#### Material provided:
# # # # # # #
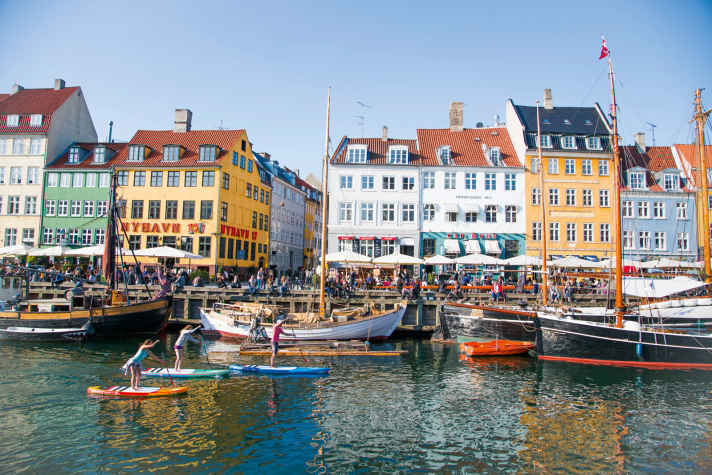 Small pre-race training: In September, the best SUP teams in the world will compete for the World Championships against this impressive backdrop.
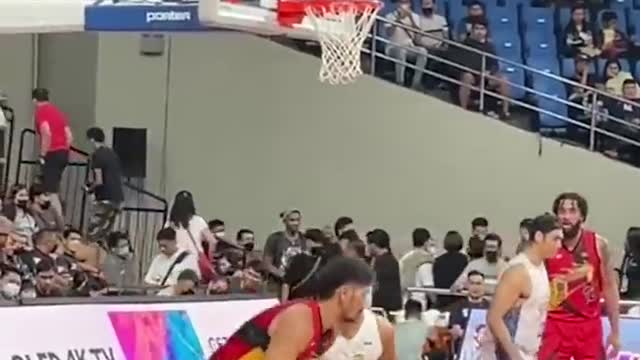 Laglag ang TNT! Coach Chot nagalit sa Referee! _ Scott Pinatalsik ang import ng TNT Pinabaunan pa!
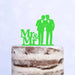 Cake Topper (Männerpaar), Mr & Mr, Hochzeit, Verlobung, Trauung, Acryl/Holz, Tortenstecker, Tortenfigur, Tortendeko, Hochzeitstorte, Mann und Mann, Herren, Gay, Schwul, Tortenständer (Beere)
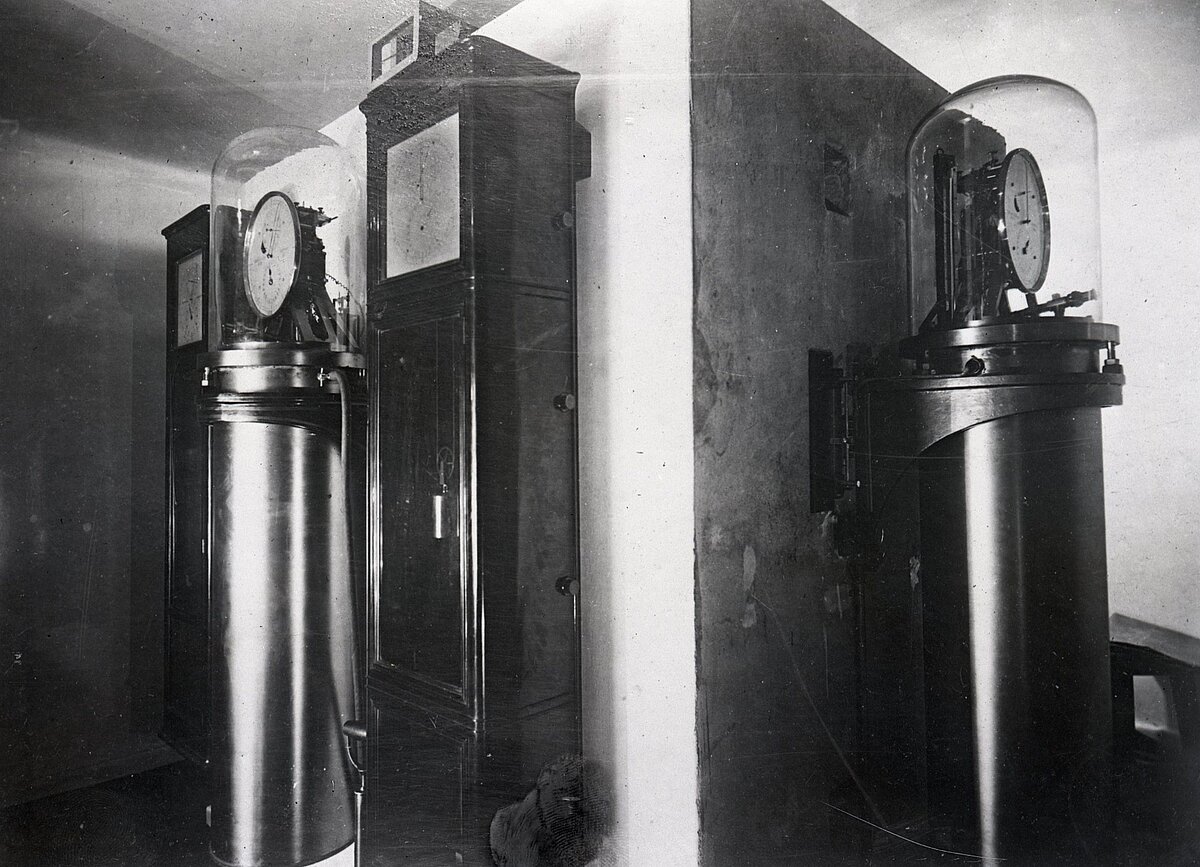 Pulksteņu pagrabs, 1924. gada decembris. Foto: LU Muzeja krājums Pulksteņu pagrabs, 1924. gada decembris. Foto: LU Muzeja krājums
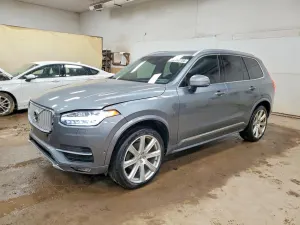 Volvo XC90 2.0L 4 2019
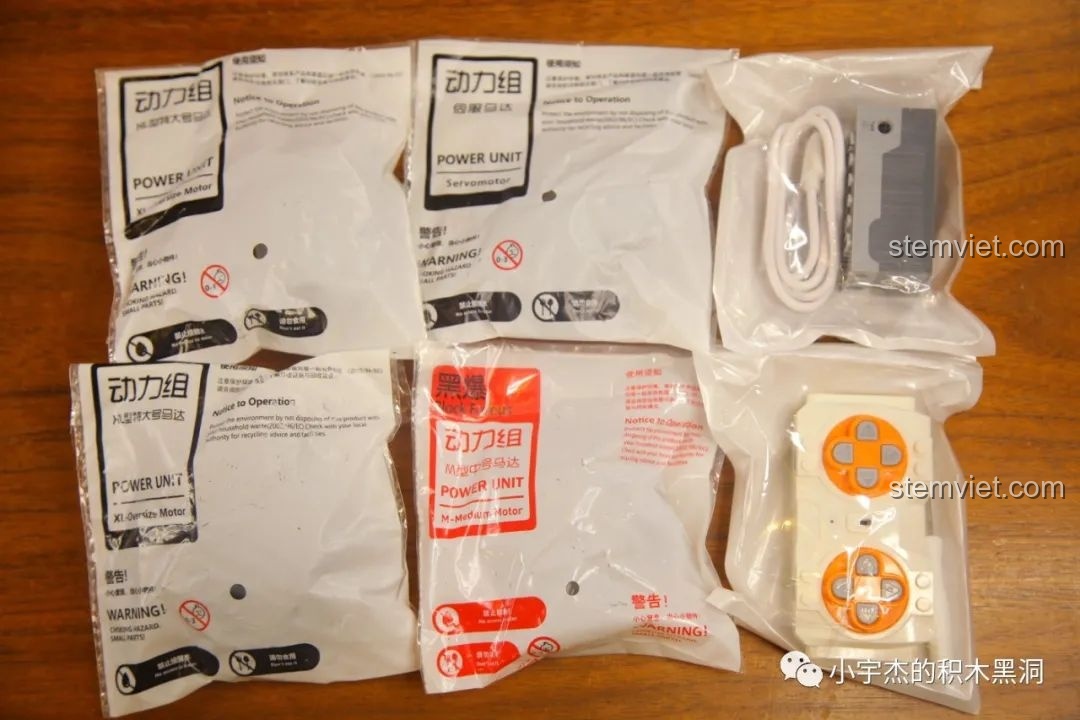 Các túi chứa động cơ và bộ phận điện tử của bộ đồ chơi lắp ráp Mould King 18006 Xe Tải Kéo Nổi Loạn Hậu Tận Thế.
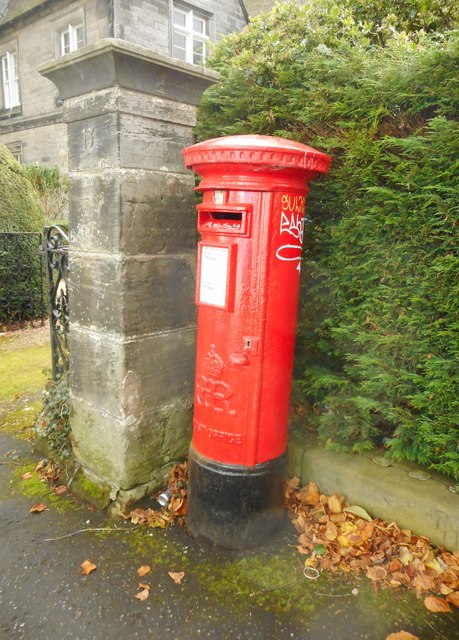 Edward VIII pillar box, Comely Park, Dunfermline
# # # # # # #
#### What is needed:
Set out every record exactly, images excluded.

#### Problem solution:
 Small pre-race training: In September, the best SUP teams in the world will compete for the World Championships against this impressive backdrop.
 Laglag ang TNT! Coach Chot nagalit sa Referee! _ Scott Pinatalsik ang import ng TNT Pinabaunan pa!
 Cake Topper (Männerpaar), Mr & Mr, Hochzeit, Verlobung, Trauung, Acryl/Holz, Tortenstecker, Tortenfigur, Tortendeko, Hochzeitstorte, Mann und Mann, Herren, Gay, Schwul, Tortenständer (Beere)
 Pulksteņu pagrabs, 1924. gada decembris. Foto: LU Muzeja krājums Pulksteņu pagrabs, 1924. gada decembris. Foto: LU Muzeja krājums
 Volvo XC90 2.0L 4 2019
 Các túi chứa động cơ và bộ phận điện tử của bộ đồ chơi lắp ráp Mould King 18006 Xe Tải Kéo Nổi Loạn Hậu Tận Thế.
 Edward VIII pillar box, Comely Park, Dunfermline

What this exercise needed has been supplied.